Sony DEV-5 3D Recording Binoculars

The Sony DEV-5 uses two 1/4in Exmor R CMOS sensors to create a set of 3D recording binoculars that let you photograph or video outdoors in environments not suited to a camcorder or camera. The DEV-5 is of obvious interest to those with an interest in wildlife video and photography, but would also suit those wanting to record and enjoy sports events or other outdoor occasions. We used the DEV-5 in a torrential downpour and it suffered no ill effect, although we did have to wipe the lenses every so often. The lenses are partially protected by a plastic surround, but this only protects it from rain and snow so much.

A plastic lens cover protects the lenses when the DEV-5's not in use, but it isn't detachable. This means you can't lose the lens cover, but it also means it gets in the way occasionally. Unsurprisingly, given the amount of technology crammed into it, the DEV-5 is not small, measuring 88x155x219mm (HxWxD). It also weighs 1.2Kg, which is more than twice the weight of the Sony TD20VE 3D
camcorder. Surprisingly, the DEV-5 only feels heavy when it's hanging around your neck, but this is probably due to the unit being very well balanced in use. But it felt light when held up to eyes. We expected it to be front heavy and to have to compensate for this, but it wasn't. You must set up the DEV-5 for your eyes before use, but the DEV-5's controls and the viewfinder's menu make this easy. The DEV-5 uses a 3D electronic viewfinder, although it can operate in 2D if you prefer (there's a button on the DEV-5's top panel). To set it up foryour eyes, you must physically adjust the position of the diopters (the eyepieces) using a wheel located in between and above them.

Once adjusted, you must also complete a simple visual alignment test through the viewfinder. Each diopter also has a ring that lets you adjust the viewfinder's focus to suit your eyes. We had no problem
adjusting it to suit our longsighted eyes. Understandably, the DEV-5 doesn't have a touchscreen monitor. Instead, you must use the viewfinder to view and alter all settings, which is no bad thing because it's excellent. The menu is the same as that found on Sony's other high-end camcorders such as the CX730E and the TD20VE. Everything appears huge and is easily visible. Sure, you can see some jagged edges on various icons if you look closely enough, but the menu is of such a high resolution that you won't notice the jaggies in normal use. The directional menu buttons on the DEV-5's top panel make navigating the menu simple and natural, with your digits naturally
falling upon them.

The top panel also has buttons to switch between photo and video modes, and to switch the viewfinder between 2D and 3D. Conveniently, the DEV-5 also has a push-button wheel in between and just below the diotpers to which you can assign a specific function such as focus, 3D depth and shutter speed. You can easily select the setting you want to control at any time by pushing a button at the centre of the wheel and choosing a setting from the drop-down menu.
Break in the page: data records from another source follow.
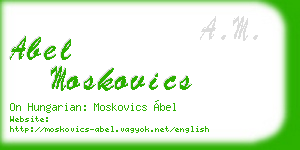 abel moskovics business card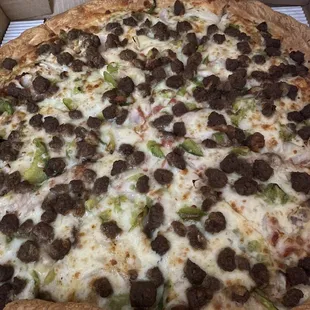 Large 14&quot; Cheese Pizza with meatball, onions and Peppers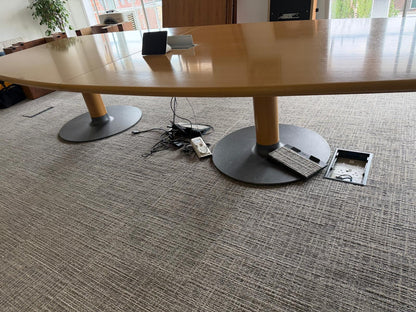 Used Bene wood finish boardroom meeting table, seats 10 - 12 persons with cable outlet 360cm x 155cm (104cm at end)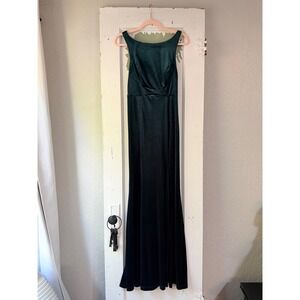 Blush Mark Emerald Green Velvet Open Back Tie Maxi Formal Dress Size 4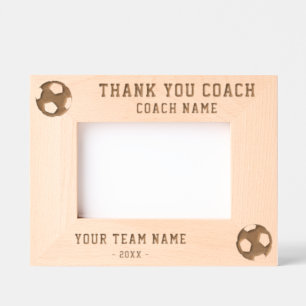 Thank you Coach Soccer Team Name Sports Engraved Frames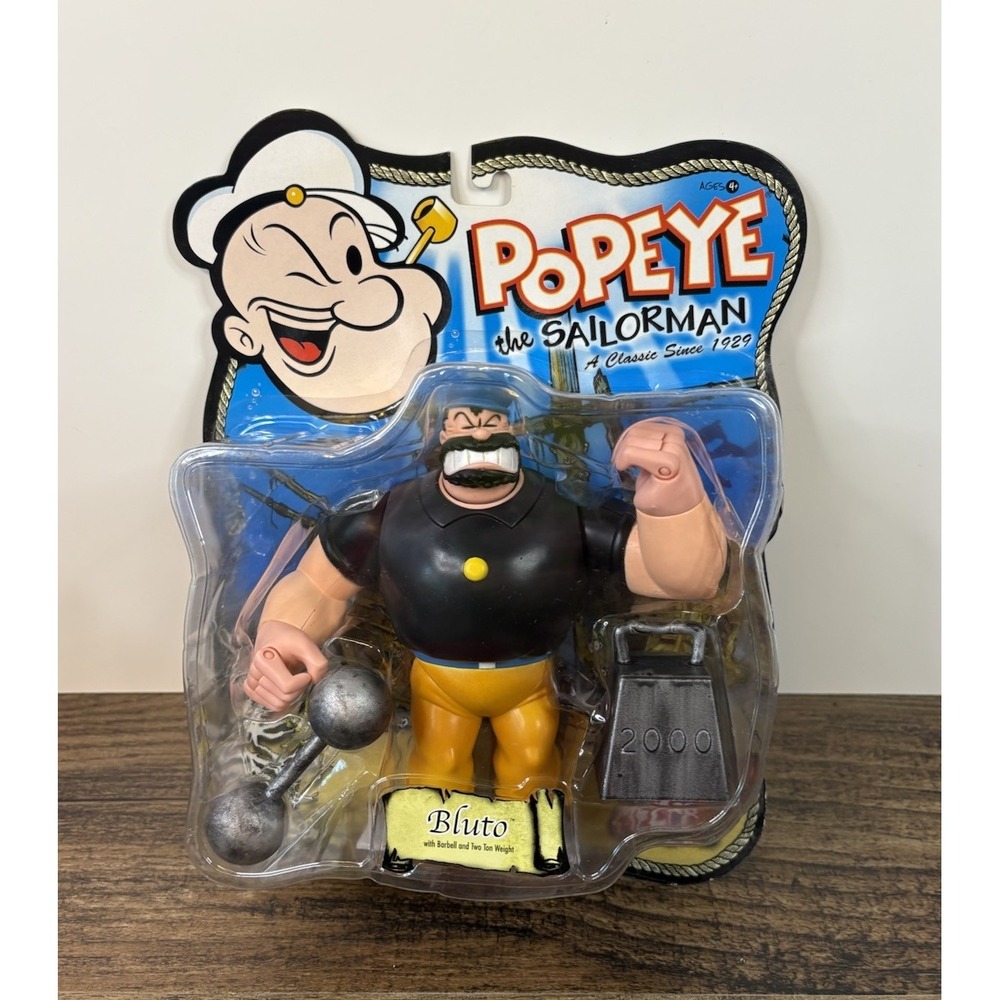 Mezco Popeye Bluto w Barbell and Two Ton Weights 5" Action Figure 2001 NIB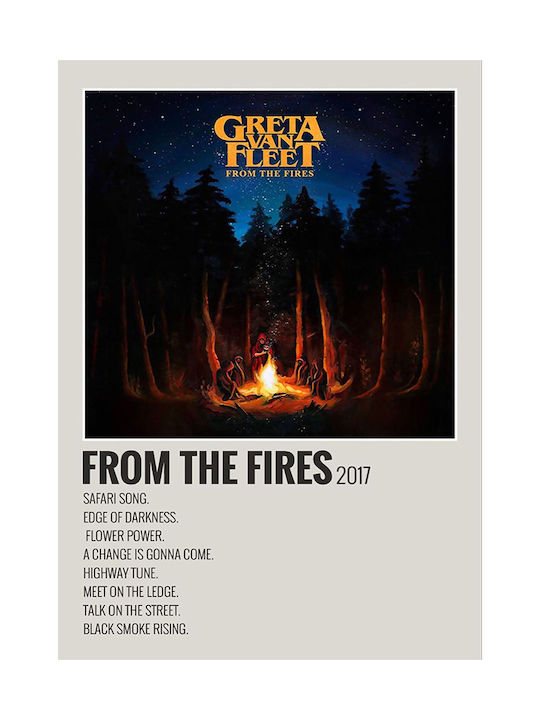 Music Poster Von Fires Greta Van Fleet Ms639 21cm X 30cm Weißes Rahmen Pvc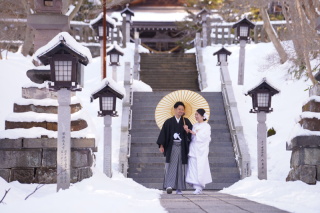 那須温泉神社さんでの和装雪ロケ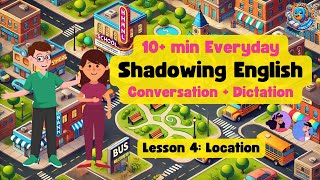 L4  Shadowing English Speaking Practice  10 Minutes Conversation Dictation  Fishy English [upl. by Elleirb680]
The wheel is quick and simple to use and configure. Perhaps the most obvious top-panel control is the chunky zoom lever, which lets you zoom in 10x when set to optical zoom only and 20x when set to digital in 2D mode. You're restricted to 5.4x when shooting in 3D. The zoom lever lets you execute an incredibly smooth or very quick zoom, giving you complete control. You can shoot 1080/50p Full HD video in 2D or
1080/50i Full HD video in 3D mode.

We were impressed by the colour reproduction of the DEV-5, and the high level of detail captured, but it was prone to very noticeable noise when shooting indoors or in low light. Outdoor footage looked great,but not quite as crisp or natural as that captured by the Sony CX730E. Sadly, the DEV-5 also displayed a tremendous amount of noise outside of the optical zoom range. The low optical zoom range of the DEV-5 is disappointing for a set of binoculars, and you often have no choice but to use the digital zoom.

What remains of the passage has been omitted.